At AllCloud, one of our key project management principles is transparency: keeping the customer highly involved throughout the entire process.
In this case, the challenge was to provide insights throughout our very technical research process without the need to make the customer a machine learning expert. The requirement led AllCloud to define simplified KPIs based on ML measurements and standard reporting. For example, ‘precision’ was defined as the percentage of success of the machine predictions. This set of simplified KPIs along with classic ones like ‘accuracy’ and standard graphs were used to share the progress of each algorithm and iteration, providing EyeControl with a good indication of which direction they should continue testing.
Together with EyeControl, we conducted weekly milestones and demonstrated continuous improvement in overall accuracy. This provided the customer with the confidence and required visibility they needed.
“Working with AllCloud’s team was a great experience, the daily communication and quick response to every question and suggestion allowed EyeControl to achieve all its goals on time with continuous improvement to our data pipeline and trained models.” – Osama Geraisi, Team leader at EyeControl
An additional challenge was the need to conduct a research project that was experimental in nature within a strict budget. We took advantage of the fact that time constraints were not an issue and planned the project with variable resource allocation of 200% to 10% according to the type of the task, percentage of machine time expected to be used during this task, and the required deliverable to hit the next milestone on the project roadmap. Using this method, AllCloud was able to deliver significant value, utilizing 98.2% of the allotted budget.
An important milestone after completing object detection of the first model was whether we should continue to develop a second model. We asked ourselves questions like: Do we have a good chance at overachieving EyeControl’s legacy model? Object detection results are not comparable to image classification model results, of which the customer already had. We did manage to overachieve their legacy model by comparing two ground truth datasets, which demonstrated that object detection results are superior to human-generated results in terms of locating the center of an object. This was a key insight, as it is commonly assumed that the object’s location is the most important parameter in generating overall accurate end-results. Following this demonstration, EyeControl and AllCloud decided to continue and develop a second model which later proved to be the right decision.
In order to reduce the cost of training the object detection model and allow for many iterations, AllCloud significantly reduced the cost of training by using Spot Instances. This only marginally increased the time of training and allowed for easy iteration. Quick iterations then allowed us to tune our model effectively and reach very high evaluation metrics.

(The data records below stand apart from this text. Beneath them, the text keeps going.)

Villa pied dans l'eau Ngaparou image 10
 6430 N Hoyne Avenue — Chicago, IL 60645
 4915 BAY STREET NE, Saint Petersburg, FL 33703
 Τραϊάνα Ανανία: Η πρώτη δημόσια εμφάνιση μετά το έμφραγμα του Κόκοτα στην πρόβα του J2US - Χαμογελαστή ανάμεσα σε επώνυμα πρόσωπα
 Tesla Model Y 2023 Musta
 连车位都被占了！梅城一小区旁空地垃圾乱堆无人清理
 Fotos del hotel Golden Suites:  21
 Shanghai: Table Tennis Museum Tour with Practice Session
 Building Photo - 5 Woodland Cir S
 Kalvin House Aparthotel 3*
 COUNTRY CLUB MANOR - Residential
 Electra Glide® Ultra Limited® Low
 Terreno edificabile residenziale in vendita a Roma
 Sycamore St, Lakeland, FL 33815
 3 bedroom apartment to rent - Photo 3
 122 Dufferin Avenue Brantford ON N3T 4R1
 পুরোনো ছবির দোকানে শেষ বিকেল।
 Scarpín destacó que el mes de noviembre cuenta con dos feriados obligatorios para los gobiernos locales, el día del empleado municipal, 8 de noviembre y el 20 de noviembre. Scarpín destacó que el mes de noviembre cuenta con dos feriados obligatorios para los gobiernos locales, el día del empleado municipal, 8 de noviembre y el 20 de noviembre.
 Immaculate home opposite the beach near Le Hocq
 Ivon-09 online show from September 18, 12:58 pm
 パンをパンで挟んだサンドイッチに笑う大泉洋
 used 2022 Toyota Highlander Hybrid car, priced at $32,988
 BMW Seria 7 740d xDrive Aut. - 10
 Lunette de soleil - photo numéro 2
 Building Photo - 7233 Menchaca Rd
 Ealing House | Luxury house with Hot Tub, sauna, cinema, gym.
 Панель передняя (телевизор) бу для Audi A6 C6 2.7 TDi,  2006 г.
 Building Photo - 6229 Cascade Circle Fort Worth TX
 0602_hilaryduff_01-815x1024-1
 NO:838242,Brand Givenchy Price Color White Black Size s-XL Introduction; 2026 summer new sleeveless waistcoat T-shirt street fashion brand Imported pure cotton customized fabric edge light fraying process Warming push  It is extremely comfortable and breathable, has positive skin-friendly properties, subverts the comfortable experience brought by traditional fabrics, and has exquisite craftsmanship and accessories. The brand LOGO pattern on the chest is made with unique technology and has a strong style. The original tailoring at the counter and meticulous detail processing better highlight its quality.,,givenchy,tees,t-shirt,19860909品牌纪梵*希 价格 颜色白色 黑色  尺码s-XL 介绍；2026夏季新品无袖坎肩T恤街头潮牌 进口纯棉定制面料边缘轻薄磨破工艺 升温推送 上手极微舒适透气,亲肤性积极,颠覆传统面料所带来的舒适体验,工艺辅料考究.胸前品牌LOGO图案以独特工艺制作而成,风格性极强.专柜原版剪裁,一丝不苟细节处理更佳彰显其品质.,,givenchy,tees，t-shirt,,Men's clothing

The precision of the object detection model was confirmed as soon as we started applying the selected classifier. Without fine-tuning, we had already reached reasonable accuracy scores, attesting to our model’s strength.
This reasonable accuracy was still below 92% so we, therefore, started tuning the hyper-parameters of our classification model. Through fine-tuning, we eventually found the best combination that gave us a very high accuracy score.
AllCloud’s contributions to EyeControl’s device accuracy proved to be successful. The new pipeline implemented achieved a 98.58% accuracy rate on the test set with an average of 266ms inference time. The accuracy is therefore much higher than EyeControl’s legacy model of 92%. The model weighs 100 MB and has an inference time corresponding to 4 frames per second; both results are considered good and suitable for the customer at the first stage of the project.